Ephraim Luzzatto (1729 – 1792)
I Drew So Far in Flight

I drew so far in flight from this, my bright sun
My steps were appraised by the wilds of the world;
Here and there I wandered by day and by night,
On mountains, in valleys, in field, in forest,
The winter, the springtime, harvest and summer,
Through streams and through torrents, through hail and through snow.

אפרים לוצאטו
רחקתי במנוסה

 
רָחַקְתִּי בִמְנוּסָה מִזֶּה הַשֶּׁמֶשׁ
וָאָמָד בִּצְעָדַי מֶרְחַב הָאָרֶץ;
תָּעִיתִי כֹה וָכֹה יוֹמָם וָלַיְלָה,
בָּהָר, אוֹ בַבִּקְעָה, שָׂדֶה, אוֹ יַעַר,
הַחֹרֶף, הָאָבִיב, קָצִיר, וָקַיִץ,
אֶל זֶרֶם, אֶל מָטָר, בָּרָד, וָשֶׁלֶג.
י

Transliteration/תעתיק:

Raḥákti vi-menusáh mi-zéh ha-shémesh
Ve-‘amád bi-tzeʕadái merḥáv ha-‘áretz;
Taʕíti khoh va-khóh yomám ve-láilah,
Ba-hár, ‘o va-bikʕáh, sadéh, ‘o yáʕar,
Ha-ḥóref, ha-‘avív, katzír, va-káyitz,
‘El zérem, ‘el matár, barád va-shéleg.

Dec 222012
 

This one has a pleasing rhythm, but doesn’t really rhyme. A translator’s dream. This is the first poem of a six poem cycle in which each poem’s lines end with one of the same six words (world, forest, snow, summer, night and sun). In Hebrew, all these words happen to have a stressed syllable followed by an unstressed one, but sadly, that only works for “forest” and “summer” in English.
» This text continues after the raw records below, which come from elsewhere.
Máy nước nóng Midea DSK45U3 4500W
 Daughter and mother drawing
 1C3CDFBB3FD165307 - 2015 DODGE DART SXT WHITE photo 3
Ephraim Luzzatto (1729 – 1792)
Fair Is My Love

Fair is my love amongst the girls of the world,
Yet more foreign than the beasts of the forest,
And yet harder than flint, and colder than snow,
She sparked in my heart the dryness of summer;1
There’s darkness before me, and thick clouds, and night,
Yet before me she’ll sit as bright as the sun.

אפרים לוצאטו
זאת רעיתי נאוה

 
זֹאת רַעְיָתִי נָאוָה בִבְנוֹת הָאָרֶץ,
זָרָה גַם נָכְרִיָּה מִחַיְתוֹ יָעַר,
מֵחַלָּמִישׁ קָשָׁה, קָרָה מִשֶּׁלֶג,
הִבְעִירָה בִלְבָבִי חַרְבוֹנֵי קַיִץ;
יֵשׁ חֹשֶׁךְ עִמָּדִי, עָנָן, וָלַיְלָה,
עוֹד מִמֻּלִי תֵשֵׁב בָּרָה כַשֶּׁמֶשׁ.
י

Transliteration/תעתיק:

Zot raʕyatí na’váh vi-venót ha-‘áretz,
Zaráh gam nokhriyáh mi-ḥayetó yáʕar,
Mei-ḥalamísh kasháh, karáh mi-shéleg,
Hivʕírah vi-levaví ḥaronéi káyitz;
Yeish ḥóshekh ʕimadí, ʕanán, ve-láilah,
ʕod mi-mulí teishéiv baráh kha-shémesh.

  1. Psalm 32:4
Dec 202012
 

A Jewish sonnet to…Cupid? Kefiroh! Avoydos elilim! And the poet’s brother was such a tzaddik too! May our doyr never see such reshoyim and their melitzoys among the oholei Toyreh, rachmono litzlan.

Ephraim Luzzatto (1729 – 1792)
For Fierce as Death Is Love

O brothers! O lads! If you would survey
The lovely blind boy there before you opposed,
Uncover your eyes and look well, I pray,
For he’s hiding arrows in the folds of his clothes.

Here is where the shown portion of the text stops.